I don't think we can, or at least should, touch the signature for
_dosmaperr(). It's a system replacment, I think we should keep the same
signature for it.


//Magnus


Re: pgwin32_open returning EINVAL

From
Alvaro Herrera
Date:
Magnus Hagander wrote:
> On Thu, Nov 29, 2007 at 09:09:47AM -0300, Alvaro Herrera wrote:
> > Magnus Hagander wrote:
> > > On Wed, Nov 28, 2007 at 05:20:46PM +0100, Magnus Hagander wrote:
> > > > On Wed, Nov 28, 2007 at 12:24:26PM -0300, Alvaro Herrera wrote:
> > > > > Martijn van Oosterhout wrote:
> > > > > > On Wed, Nov 28, 2007 at 11:57:35AM -0300, Alvaro Herrera wrote:
> > > > > > > Can we do something like this to report the Win32 error code so that the
> > > > > > > user has a higher chance of figuring out what's going on?
> > > > 
> > > > We already do something very similar to what you're donig in
> > > > backend/port/wni32/socket.c :: TranslateSocketError().
> > > > 
> > > > So I think it's a good idea to do it, yes.
> > > 
> > > Thinking about this some more, I think this is a better patch - we already
> > > have a function that takes care of this, including both error and debug
> > > logging. Anybody disagree? If not, I'll go ahead and apply it...
> > 
> > Hmm, but this still mixes some error codes.  To absolutely get the
> > Windows error code you would have to be running with DEBUG5, which I
> > don't think is acceptable for a production system during any interesting
> > length of time ...  Can we have that DEBUG5 message changed to LOG
> > instead?
> 
> Maybe. I'm concerned we might end up logging a whole lot more, for cases
> where it's not an actual error. For example, a file that doesn't exist
> doesn't necessarily mean it's an error... I don't want to have to go
> through all code-paths that end up calling that function to see if that may
> be so...

I just checked.  I see there are only five callers.  In three cases (two
in file/fd.c and one in port/dirent.c), there is at a single error code
which is "possibly expected".  It is taken care of without calling
_dosmaperr at all.  In syslogger.c there are two possibly expected error
codes, dealt with in the same way.  And the last caller is
port/getrusage.c, which has no possibly-expected error code.
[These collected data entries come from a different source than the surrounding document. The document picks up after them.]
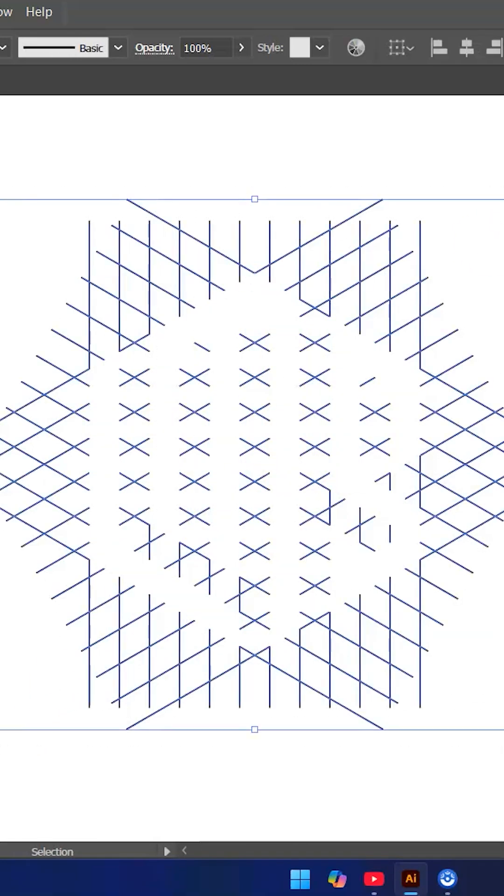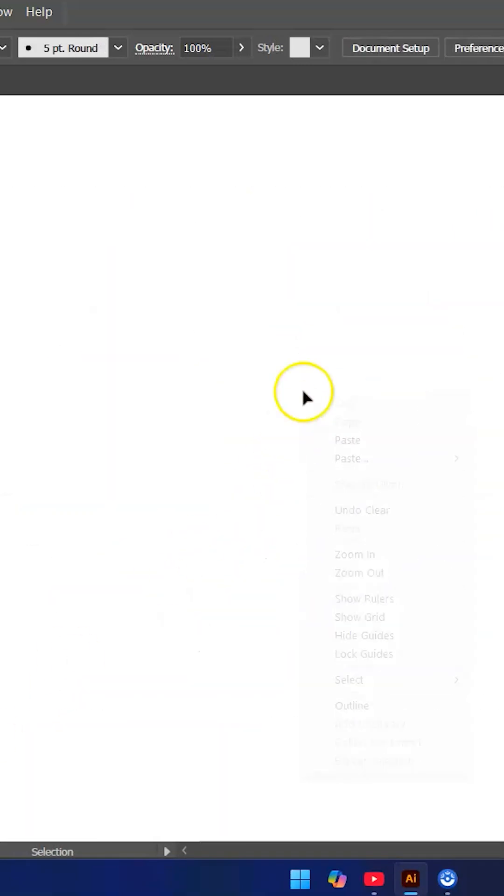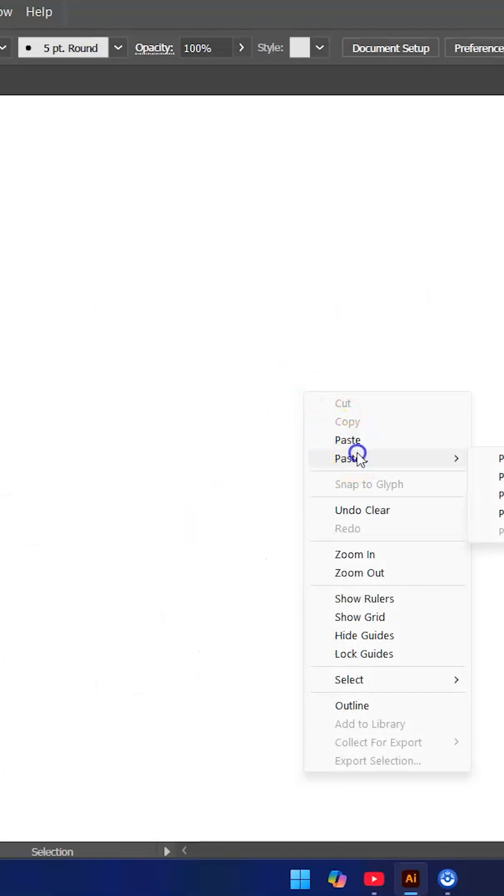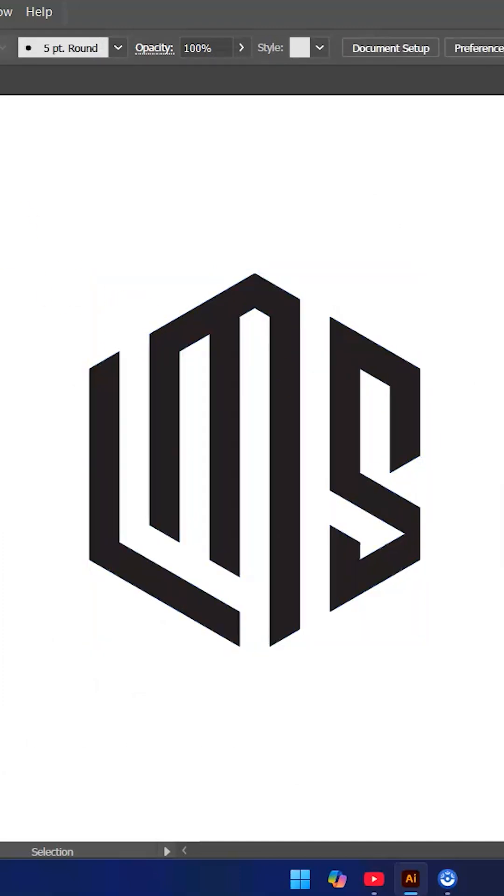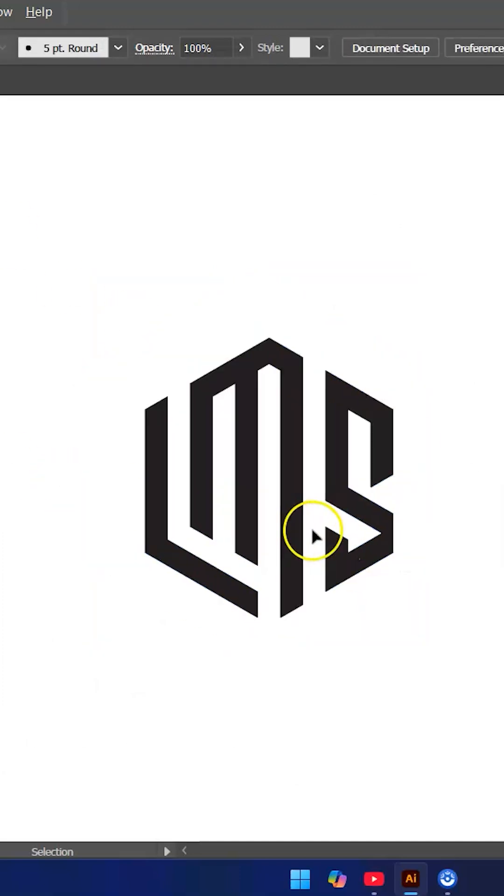In the end, we remove the rest of the lines and that's it, job done. Hope you like it and learn from it. Don't forget to like and subscribe and leave your opinion in the comments. See you on the next video.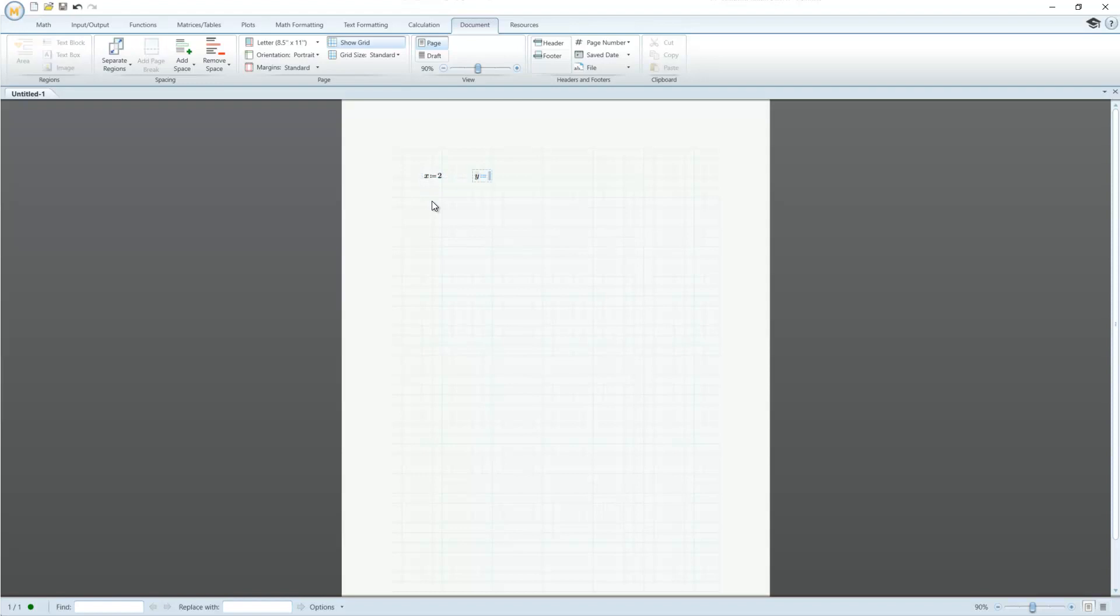To get started with calculations, you just type in the worksheet. Most basic engineering calculations can be done with a minimal understanding of MathCAD's full set of features and functions.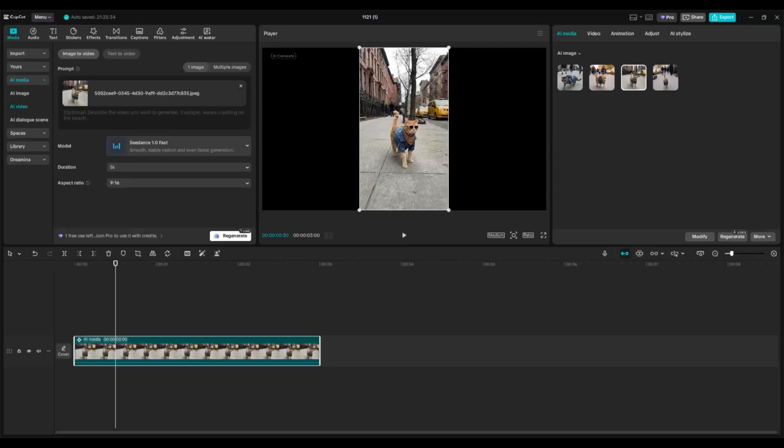But again, you need to have CapCut Pro to use this feature. That's basically how you can use Nano Banana in CapCut. Thank you guys so much for watching. I hope you enjoyed this one, so don't forget to like, comment, and subscribe.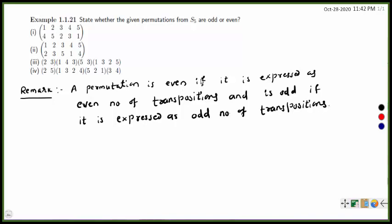Because if we express a permutation by an even number of transpositions, then the sign of each transposition is minus one, and minus one raised to an even number is positive one, while minus one raised to an odd number is negative one.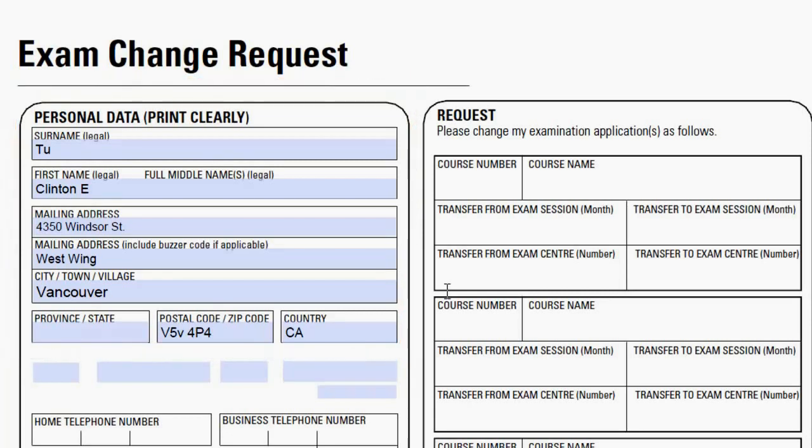This concludes the tutorial on populating PDF forms. For more PDF options, see the other video tutorials on dynamic PDF generation and hosted PDF forms.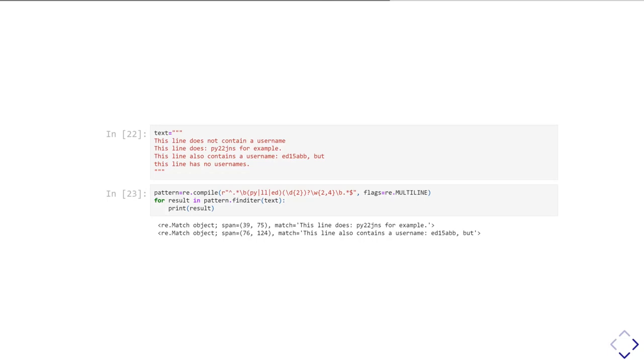Our actual pattern has the caret at the start matching the start of a line, then match any number of characters until we get to a word boundary, then we have our regular username pattern, and then after the username we want to match any number of characters up until the end of the line. Now when we try and use that pattern and iterate over all the results, you see it is correctly pulling out two lines, the two lines that have a username inside them. It's not matching against the first and the last line because those don't have usernames. That's how we're using the re multiline flag to make the regular expression pattern work on a line-by-line basis.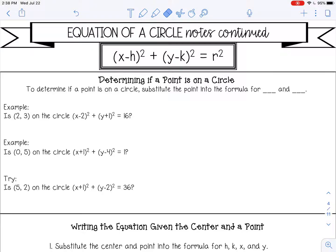Welcome to this lesson on equation of a circle notes continued. In this lesson, I'll be going over how to determine if a point is on a circle and how to write the equation of a circle given the center and a point.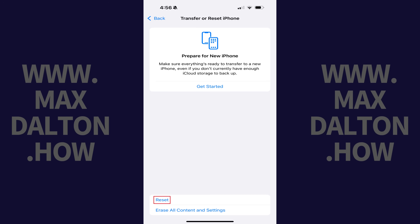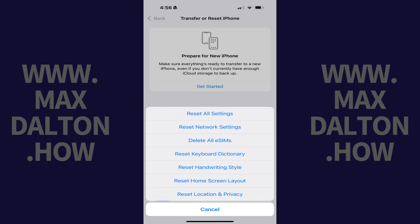Step 3. Tap Reset in this menu. Another menu is displayed. Step 4. Tap Reset All Settings.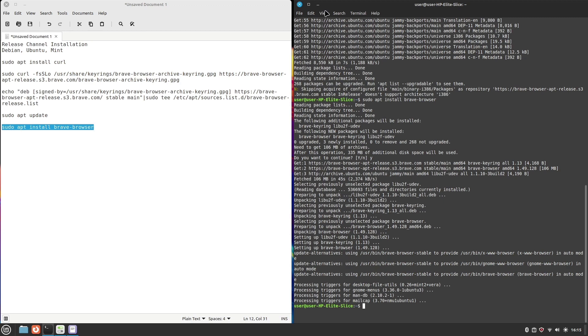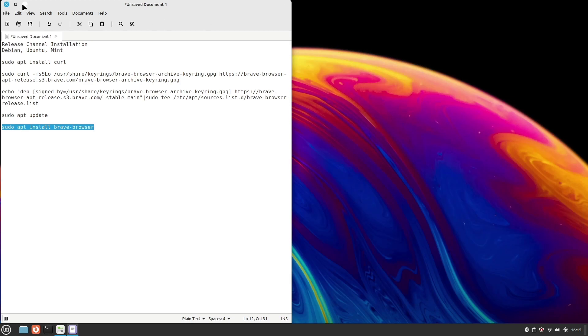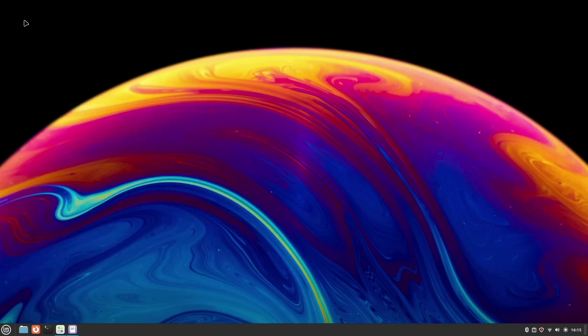Installation has been completed. Now close the terminal and launch Brave from the menu.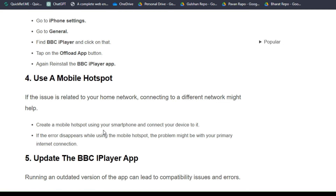Solution 4: Use a mobile hotspot. If the issue is related to your home network, connecting to a different network might help. Create a mobile hotspot using your smartphone and connect your device to it. If the error disappears while using the mobile hotspot, the problem might be with your primary internet connection.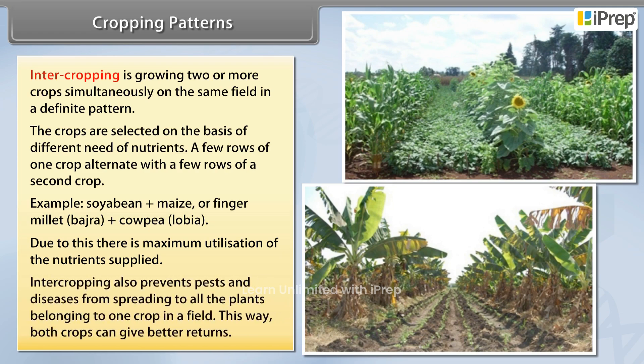Intercropping also prevents pests and diseases from spreading to all the plants belonging to one crop in a field. This way, both crops can give better returns.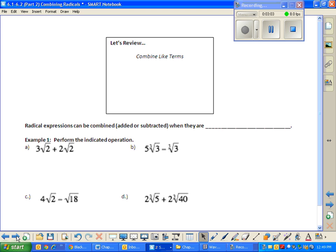Before we go ahead and combine radicals, I wanted to review this idea of combining within the context of combining like terms. So my very smart period eight honors algebra two, I'm going to ask you a series of very easy questions — so easy that I need you to answer in unison, nice and loud. The first question: I need to know the sum of three and two.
So I don't think this is a concern -- whenever _dosmaperr is called, a
"true" error message is already going to be logged.

(The only case where a message would be logged inappropriately would be
in file/fd.c if _dosmaperr returned EINTR, but AFAICS we don't map any
code to that).

> But it is true that we have mixed error codes. But we only do that when we
> know they're actually there. If we have an unknown code, we don't just
> return it as EINVAL without logging (as open did before) - and that log 
> goes out as LOG.

Yeah, I understand.  But for example there are several different cases
that are mapped to EACCES.  In the cases we're currently following,
having the exact error code could prove crucial to determining the cause
of the error.

> (the open code already mixed two win32 codes into ENOENT already, btw)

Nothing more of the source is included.